Two members on Google’s board of directors wanted founders Larry Page and Sergey Brin to personally try to poach Facebook employees, according to newly released documents from Silicon Valley’s high-profile wage collusion case, as noted by The Wall Street Journal.
The case — which accuses Google, Apple, Intel, and Adobe of conspiring not to recruit each other’s talent — had previously released emails showing Google execs started getting concerned about Facebook recruiting its employees around 2007.
The latest emails, sent in 2010, suggest Google board of directors member Paul Otellini, Intel’s CEO, and venture capitalist John Doerr thought Google needed to step up its own recruiting game.
This is from an email sent by Prasad Setty, Google’s VP of compensation:
“Paul/John asked who was reaching out to the target Facebookers. They suggested that we have Larry/Sergey and Eng execs reach out rather than the Staffing leads.”
Here’s the reply from Google security executive Shannon Deegan:
“I don’t agree that we should be asking Larry and Sergey to reach out to Facebookers. That will quickly be leaked and I believe won’t look great.”
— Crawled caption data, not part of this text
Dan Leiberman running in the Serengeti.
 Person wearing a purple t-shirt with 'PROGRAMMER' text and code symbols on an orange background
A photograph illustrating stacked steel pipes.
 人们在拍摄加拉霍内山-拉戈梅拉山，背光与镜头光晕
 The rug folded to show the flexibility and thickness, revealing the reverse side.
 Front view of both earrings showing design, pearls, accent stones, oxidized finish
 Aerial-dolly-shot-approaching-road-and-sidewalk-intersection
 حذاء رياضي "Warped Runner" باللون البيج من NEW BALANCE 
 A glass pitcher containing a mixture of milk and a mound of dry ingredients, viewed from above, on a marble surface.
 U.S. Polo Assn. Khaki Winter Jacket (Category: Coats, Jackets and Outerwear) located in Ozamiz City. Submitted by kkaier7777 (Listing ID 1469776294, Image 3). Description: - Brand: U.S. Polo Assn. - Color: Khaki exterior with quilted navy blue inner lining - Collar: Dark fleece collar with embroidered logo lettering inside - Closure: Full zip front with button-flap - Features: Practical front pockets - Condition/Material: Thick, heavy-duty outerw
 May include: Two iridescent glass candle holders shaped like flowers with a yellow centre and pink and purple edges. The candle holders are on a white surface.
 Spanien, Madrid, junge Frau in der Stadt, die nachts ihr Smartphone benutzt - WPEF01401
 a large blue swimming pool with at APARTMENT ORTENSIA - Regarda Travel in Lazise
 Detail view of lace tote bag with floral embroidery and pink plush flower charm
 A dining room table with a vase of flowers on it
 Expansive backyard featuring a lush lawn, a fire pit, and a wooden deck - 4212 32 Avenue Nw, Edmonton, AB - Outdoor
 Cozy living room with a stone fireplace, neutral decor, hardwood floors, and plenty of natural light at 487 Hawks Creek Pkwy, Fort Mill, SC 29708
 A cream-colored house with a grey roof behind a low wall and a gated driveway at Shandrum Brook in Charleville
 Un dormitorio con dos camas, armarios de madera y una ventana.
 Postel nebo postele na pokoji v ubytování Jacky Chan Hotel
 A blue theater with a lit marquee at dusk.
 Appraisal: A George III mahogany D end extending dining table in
The court files show no evidence that Brin or Page ended up personally recruiting any Facebook employees.
Three years prior, a Google engineering had also manager sounded the alarm that employees were emailing about Google “providing counter-offers within an hour to Googlers who give notice about getting a Facebook offer,” according to the Wall Street Journal. Google apparently didn’t want that information publicized: The company’s then-CEO Eric Schmidt emailed the company at the time, saying, “Since I announced our 1 hour policy exactly 24 hours ago we should be embarrassed and disgusted by this leak.”
Both sides in the suit — the 64,000 tech workers suing and the four tech companies — approved a settlement of $US324 million, but U.S. District Judge Lucy Koh is yet to approve it.